Feature Type

  • [x] Adding new functionality to pandas

  • [ ] Changing existing functionality in pandas

  • [ ] Removing existing functionality in pandas

Problem Description

I wish to pass an argument to the skew calculation method like (ddof or bias) that allows calculation of the skew of a population instead of a sample (default).

Feature Description

Example:

df.skew(bias=True)

Note: I think it can be implemented using the kwargs of the method _stat_function or _stat_function_ddof

Alternative Solutions

Using scipy.stats.skew(df, bias=True) is an alternative, but it's better if the method of pandas can handle it.

Additional Context

No response

Comment From: lithomas1

This seems reasonable to me. Not at all an expert in this area though.

Do you know what would be the advantages of using ddof as opposed to a bias keyword?

Comment From: Alain-Godo

Hi @lithomas1 thanks for the quick reply!!! Well, there is not a big difference between bias and ddof in this context, the first two degrees of freedom (0 and 1) describe if the collection of data is a population or a sample, and scipy used the parameter bias for the same two things instead of ddof. I also see that this parameter is missed in kurtosis too.

I check it out looking at the code behind and I think it's not so difficult to add the feature. I would like to contribute my grain of sand :pray: , if you allow me I can make the modifications so that it accepts this parameter and do a MR.

Comment From: Alain-Godo

By the way, sorry if my English is not the best, it's not my mother tongue. I do my best.

Comment From: lithomas1

No worries, I think your English is fine :).

Feel free to give a shot (I think using bias should be fine for now, since there doesn't seem to be a need to specify arbritrary ddof if I undertand correctly).

Comment From: Alain-Godo

Thanks, I will try to add the parameter bias to both functions (skew and kurtosis) 😄 Let u know.

Comment From: Alain-Godo

Hi, @lithomas1 !!! Well, I spend a little time today and find the problem.

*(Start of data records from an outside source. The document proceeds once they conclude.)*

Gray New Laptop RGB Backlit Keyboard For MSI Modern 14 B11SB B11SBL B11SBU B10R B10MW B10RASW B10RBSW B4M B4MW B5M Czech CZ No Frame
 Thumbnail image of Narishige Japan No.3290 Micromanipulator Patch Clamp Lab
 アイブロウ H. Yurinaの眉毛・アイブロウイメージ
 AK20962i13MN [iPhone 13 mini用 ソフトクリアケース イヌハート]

These two calculations (skew and kurtosis ) need a special method like _stat_function_ddof, maybe can be called _stat_function_bias:

3

Both functions are implemented using the nanops respectively:

1

And the problem is there, the implementation in both cases is for "sample" data ( I used to think that pandas use Scipy for the calculation behind 😄 ).

2

I can modify both functions for sample/population and add a new parameter bias and fix the problem, with the possibility of selecting True or False like Scipy does, also add a _stat_function_bias too, to handle the new parameter. What do u think?

Comment From: Alain-Godo

Hi @lithomas1 and anyone interested !!!, I made the changes for DataFrames and Series, but I can see that the thing with methods like .rolling() is different, the calculation functions are written in Cython. Can you tell me the main sites where I need to add this functionality like in rolling() that I'm not seen yet?

Comment From: lithomas1

Not sure about rolling, I haven't touched that code ever 🤣 , but maybe it's here https://github.com/pandas-dev/pandas/blob/main/pandas/_libs/window/aggregations.pyx#L482 (I haven't double checked this)